Quantos são os afetados por esse ideal de vida feliz fixado em nossas retinas. Enquanto escrevo essas letrinhas, milhares de sorvetes derretem no Instagram. A mãe de um amigo sempre dizia que de nada valia uma frase fora de contexto, isolada. Uma imagem, também fora de contexto, vale?
É muito fácil falar sobre a alienação, sobre pressões sociais. Todo mundo faz isso toda hora. O que me dá nos nervos é pensar: POR QUE DIABOS continuamos fazendo as coisas que nos fazem infelizes quando sabemos de cor e salteado as coisas que nos fariam bem? Essa pergunta sempre me pegou.
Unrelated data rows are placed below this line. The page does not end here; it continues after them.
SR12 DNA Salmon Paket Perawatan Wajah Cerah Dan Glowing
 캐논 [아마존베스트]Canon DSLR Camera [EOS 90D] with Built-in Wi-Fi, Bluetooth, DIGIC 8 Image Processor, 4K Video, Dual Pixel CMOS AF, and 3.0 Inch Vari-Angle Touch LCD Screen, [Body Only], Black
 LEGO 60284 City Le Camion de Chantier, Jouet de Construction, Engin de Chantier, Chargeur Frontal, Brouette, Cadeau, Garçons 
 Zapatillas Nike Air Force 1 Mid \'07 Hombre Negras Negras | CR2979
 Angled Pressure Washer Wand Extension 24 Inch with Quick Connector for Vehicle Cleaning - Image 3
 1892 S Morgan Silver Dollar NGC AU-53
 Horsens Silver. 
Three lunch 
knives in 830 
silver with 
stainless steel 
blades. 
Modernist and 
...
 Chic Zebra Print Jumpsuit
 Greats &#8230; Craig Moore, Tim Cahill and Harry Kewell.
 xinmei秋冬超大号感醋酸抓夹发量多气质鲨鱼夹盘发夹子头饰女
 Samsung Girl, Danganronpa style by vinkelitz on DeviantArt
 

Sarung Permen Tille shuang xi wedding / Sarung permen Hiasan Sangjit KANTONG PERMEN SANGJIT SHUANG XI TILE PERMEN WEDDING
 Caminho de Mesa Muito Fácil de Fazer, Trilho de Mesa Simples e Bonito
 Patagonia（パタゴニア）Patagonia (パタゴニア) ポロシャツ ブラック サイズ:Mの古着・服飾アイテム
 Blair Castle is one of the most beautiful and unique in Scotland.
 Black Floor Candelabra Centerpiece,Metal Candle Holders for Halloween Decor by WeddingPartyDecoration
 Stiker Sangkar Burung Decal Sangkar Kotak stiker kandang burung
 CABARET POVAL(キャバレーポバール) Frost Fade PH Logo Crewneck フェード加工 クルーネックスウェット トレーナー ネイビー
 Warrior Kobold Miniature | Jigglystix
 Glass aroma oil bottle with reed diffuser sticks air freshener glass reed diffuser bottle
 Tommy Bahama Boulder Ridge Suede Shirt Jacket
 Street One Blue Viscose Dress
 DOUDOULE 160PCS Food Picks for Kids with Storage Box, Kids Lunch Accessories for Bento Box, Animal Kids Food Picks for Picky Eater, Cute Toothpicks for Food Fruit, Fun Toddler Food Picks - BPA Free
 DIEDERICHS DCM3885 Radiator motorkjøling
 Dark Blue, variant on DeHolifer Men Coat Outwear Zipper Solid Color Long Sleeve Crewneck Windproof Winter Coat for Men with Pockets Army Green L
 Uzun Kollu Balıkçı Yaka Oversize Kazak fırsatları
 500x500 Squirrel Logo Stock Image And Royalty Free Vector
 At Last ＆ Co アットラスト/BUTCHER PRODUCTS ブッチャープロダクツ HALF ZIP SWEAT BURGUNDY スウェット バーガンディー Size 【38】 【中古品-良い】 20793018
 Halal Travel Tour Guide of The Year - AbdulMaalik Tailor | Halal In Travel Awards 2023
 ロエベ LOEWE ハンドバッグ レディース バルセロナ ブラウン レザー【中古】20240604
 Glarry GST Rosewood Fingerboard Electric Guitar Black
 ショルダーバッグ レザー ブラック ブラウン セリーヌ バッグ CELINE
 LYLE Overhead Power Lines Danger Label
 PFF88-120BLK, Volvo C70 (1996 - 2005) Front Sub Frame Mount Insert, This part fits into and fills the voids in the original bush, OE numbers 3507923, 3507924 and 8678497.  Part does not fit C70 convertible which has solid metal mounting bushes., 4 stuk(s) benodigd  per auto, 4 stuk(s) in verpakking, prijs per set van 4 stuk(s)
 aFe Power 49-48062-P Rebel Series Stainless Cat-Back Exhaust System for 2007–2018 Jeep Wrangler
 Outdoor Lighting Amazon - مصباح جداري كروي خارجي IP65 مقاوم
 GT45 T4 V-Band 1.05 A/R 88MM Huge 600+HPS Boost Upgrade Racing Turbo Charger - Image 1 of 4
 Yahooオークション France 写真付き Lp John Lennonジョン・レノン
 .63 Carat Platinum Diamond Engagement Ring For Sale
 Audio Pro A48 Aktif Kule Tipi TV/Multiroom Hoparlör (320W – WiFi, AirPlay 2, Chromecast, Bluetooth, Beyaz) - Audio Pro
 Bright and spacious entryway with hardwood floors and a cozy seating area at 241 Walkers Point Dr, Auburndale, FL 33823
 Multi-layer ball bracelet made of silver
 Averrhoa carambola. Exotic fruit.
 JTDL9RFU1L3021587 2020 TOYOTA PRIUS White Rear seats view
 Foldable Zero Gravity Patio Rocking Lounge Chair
Recentemente vi uma palestra motivacional dessas bem duvidosas para empresários e empreendedores. Juro que foi por acidente, não pense que caí já em tão fundo poço. Por ironia da vida e para minar minha pronta arrogância, o palestrante versava justamente sobre essa questão última, dizendo que fora ela o questionamento que Freud trabalhava pouco antes de morrer, sem obter nenhuma perspectiva de resposta plausível.

Na hora eu quis pensar algo útil e proveitoso, já que vinha matutando sobre este padrão da vida, vendo isso se repetir e experimentando isso há anos. Mas não! Só pude pensar uma coisa que me fez rir feito bobo: Se Freud morreu sem saber, eu estou bem fodido.

Um comentário:

  1. Vou pegar um micro fragmento do q vc disse e falar a respeito sobre:
    Produtividade pra mim é fazer o q nos faz feliz. Ler, escrever, pintar, costurar...coisas palpáveis que depois podemos ver os resultados.
    Eu tenho buscado com afinco mas confesso q me perco no processo.
    Tenho a impressão que as coisas q faço não são nada se ninguém as vê. Perturbante.
    Se apenas nos vemos no reflexo de quem nos vê, fica medonho observar a amplitude disso nos dias de hoje com a internet.